First, WoW “only” dropped by 100k subscriptions in Q3:
I did not specifically offer a prediction for this quarter last time, and I’m glad I didn’t. Is it weird to say, though, that I’m both surprised and not surprised at only a 100k loss? It is one thing to expect the WoW house of cards to continue collapsing after seeing 1.5 million subs evaporate in the three months prior. But it is also entirely true that there are people still playing the first EverQuest and Ultima Online like it’s 1999. Is there any doubt in anyone’s mind that there would still be people out there playing Star Wars Galaxies or City of Heroes if they could? In that sense, we kinda know already that there will be some kind of baseline level of WoW subscriptions that will always remain. The question is just where that floor is.

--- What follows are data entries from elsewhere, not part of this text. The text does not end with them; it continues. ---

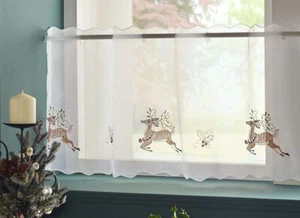 PRANCER CHRISTMAS VOILE CAFE NET CURTAIN PANEL - 59" Wide x 24" Drop - Picture 1 of 3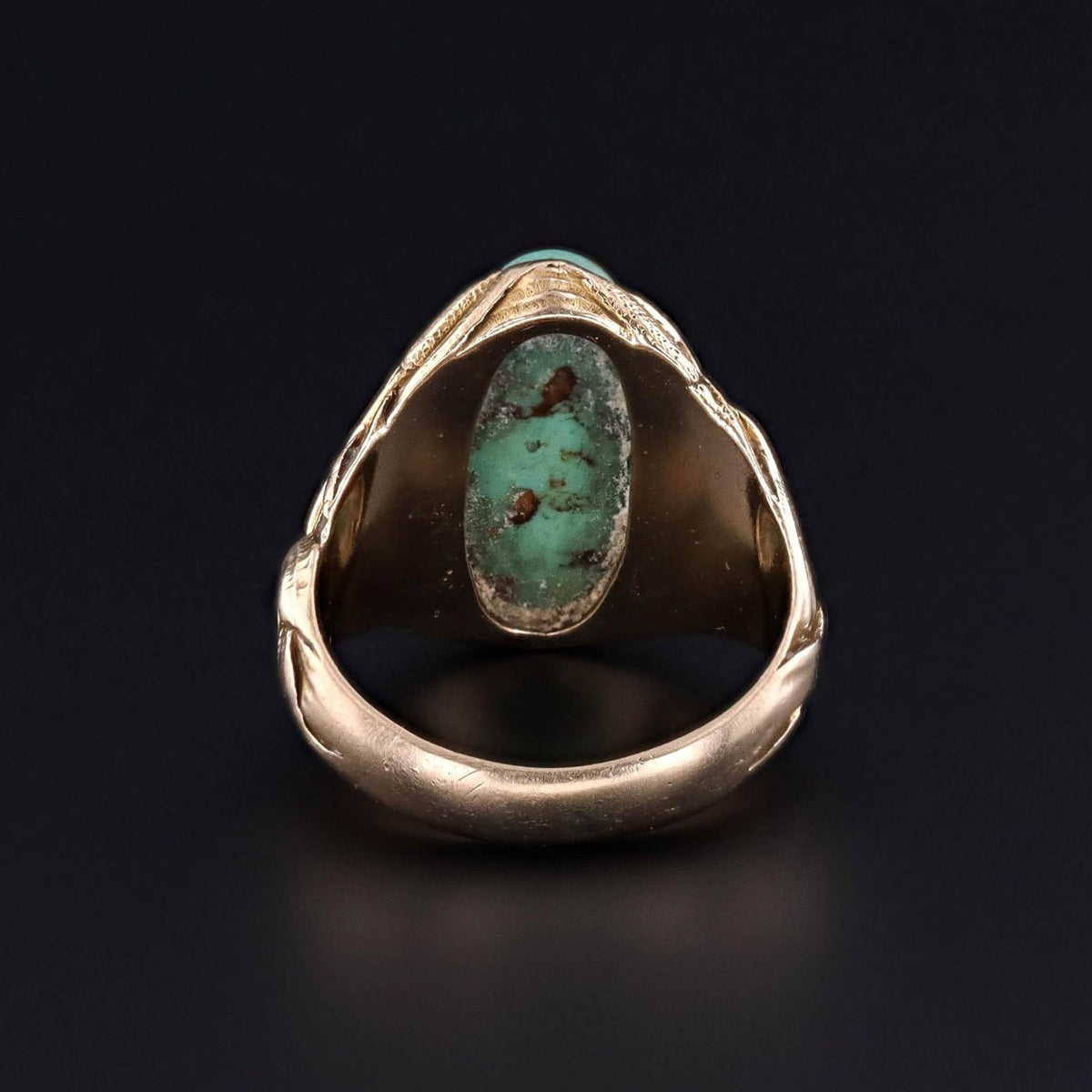 Art Nouveau Turquoise Ring of 14k Gold - Trademark Antiques
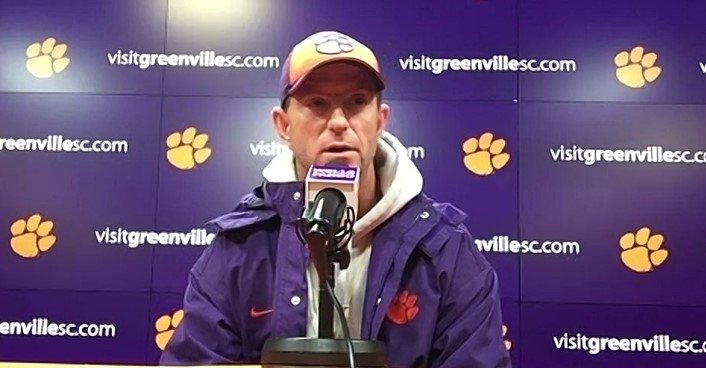 Clemson coach Dabo Swinney updated the latest with injuries on the team and talked UNC QB Drake Maye. 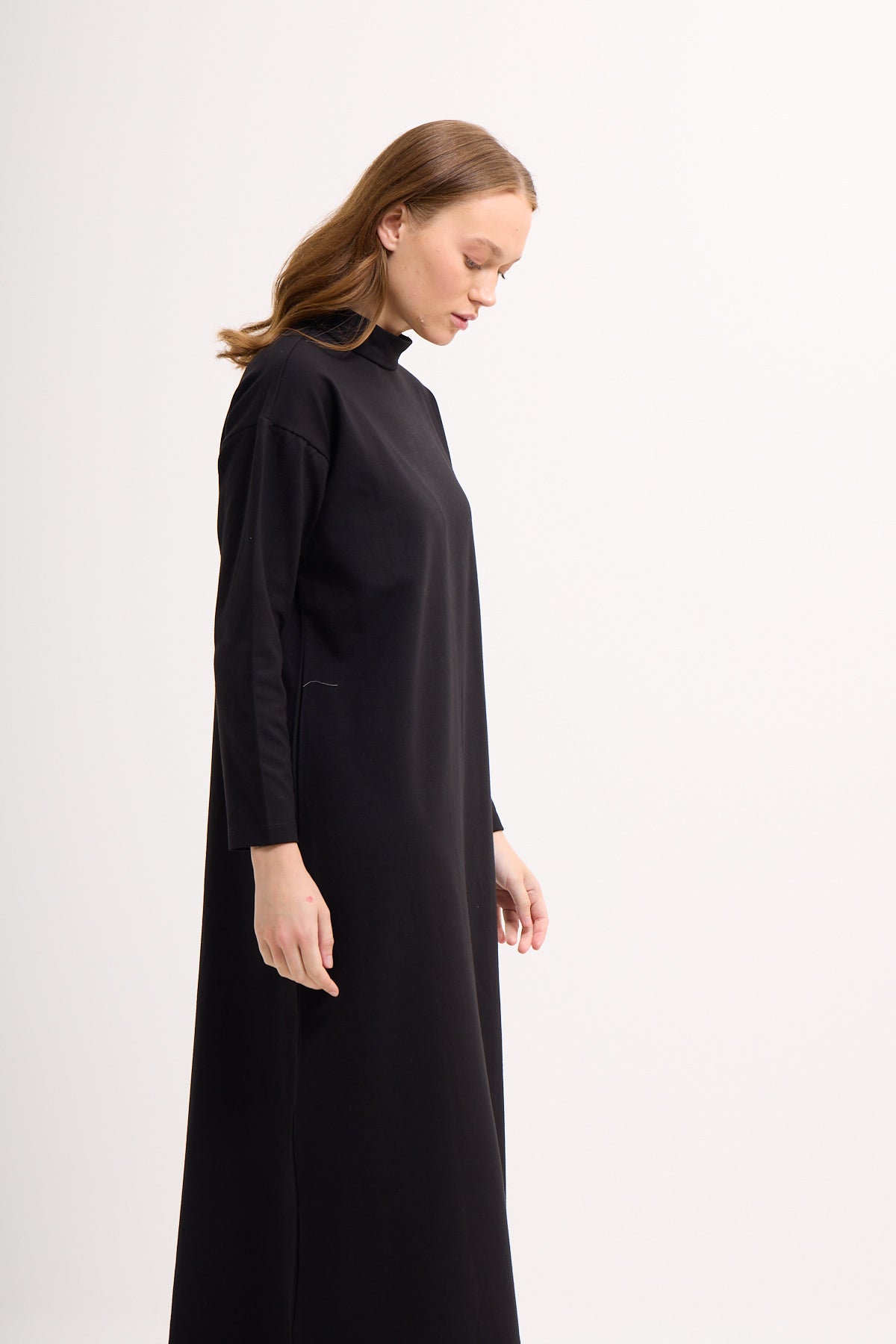 Baumwoll-Maxikleid mit Taillengürtel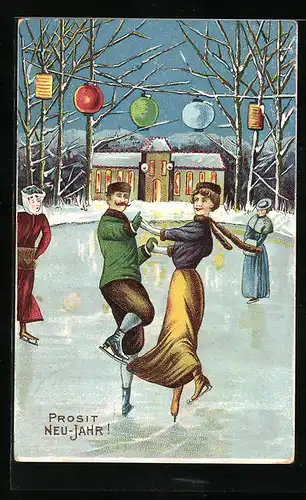 AK Paar auf Schlittschuhen unter Lampions, Neujahrsgruss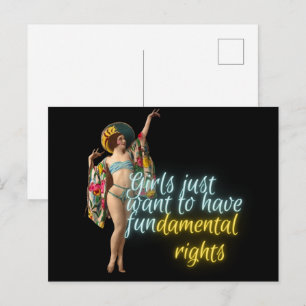 Girls Just Want Fundamental Rights Campy Dancer Postcard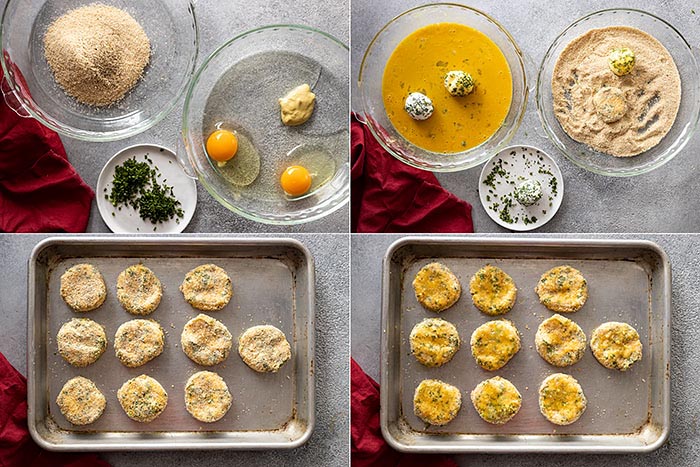 Four pictures showing how to make the goat cheese medallions. 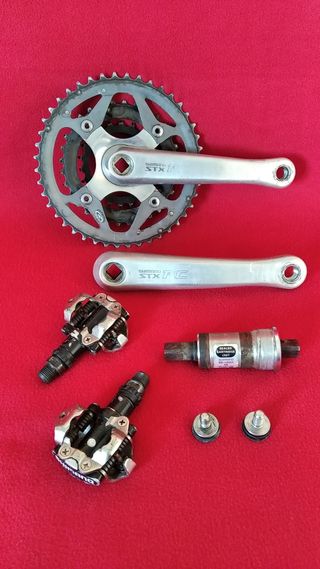 Bielas + Eje + Pedales Shimano STX RC Cuadradillo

Of course, we may never end up knowing where the floor is because Blizzard has decided to stop reporting WoW sub numbers. I pretty much agree with the rest of the internet that this is a rather embarrassing PR maneuver meant to obfuscate the declining success of the game. It’s a shameful, shameful display, Blizzard… how could you sink to the level of EVE Online and FF14’s “lifetime total subscriber” tactics?!
That said, I do find this brave new world of faux news amusing. For example, from the last link:
Instead of subscriber numbers, Activision Blizzard intends to use unspecified engagement metrics.
As the company has pushed toward a “year-round engagement model” with its franchises, it has similarly de-emphasized traditional performance metrics like sales figures. It has never reported sales figures for Destiny, instead relying on “registered users” numbers, sometimes even pairing that with the number of registered users for the free-to-play Hearthstone and reporting a combined number. In its quarterly earnings, Activision Blizzard pointed to “key engagement metrics” for Hearthstone being up 77 percent, but neglected to detail what those metrics were.
I wonder how the job interview went for the person who writes these press releases. “Why should we hire you?” “I’m 77% better than the other applicants.” “In what way?” “Key ways.” I did end up listening to the entire Investor Call for more Hearthstone tidbits, but the only non-zero piece of news was it achieved its highest quarterly revenue in Q3. So… X+1 > X, at a minimum. I suppose we could extrapolate that Hearthstone is still growing, but without a baseline, we’re back in the weeds.
The lede of ledes though, is Activision Blizzard buying King (aka Candy Crush) for $5.9 billion. Pretty much everyone, everywhere has questioned the sanity of this move, and I’m a bit inclined to agree. King is on the decline, even Activision Blizzard agrees there are no synergies between the franchises, and this move has drained the company’s cash reserves of $4.5 billion down to… next to nothing. We can even envision a scenario is which the WoW movie flops – and that’s a real chance – and suddenly things could start looking unexpectedly grim.
At the same time… you kinda have to look at this from a business perspective. Throughout the Investor Call, Kotick and crew repeatedly stressed how they more or less bought ~340 million mobile customers. The sum total of Activision Blizzard’s exposure to to the mobile space up to this point has been Hearthstone and some Call of Duty apps. Could they build some amazing mobile games with $5.9 billion? Maybe. King is on the decline from its heights, but at least they demonstrated that they were successful at some point. If they can release/steal another hit, or start leveraging the mobile eyeballs to cross-pollinate franchises, this could suddenly seem like amazing foresight.
The other thing to look at? King is based in Ireland, which is famous for its double…. sandwiches. Or was that the Dutch? On top of that, of Blizzard’s $4.5 billion in cash they had prior to this deal, $3.6 billion of it was held overseas. As in, evading US taxes. Spending it this way gets the maximum
value purchasing power which they may not have been able to realize any other way. And, of course, it moves Activision Blizzard from having little mobile presence to being a dominate player in the field. Even if King turns into Zynga.
So maybe this deal is a bit better than people think.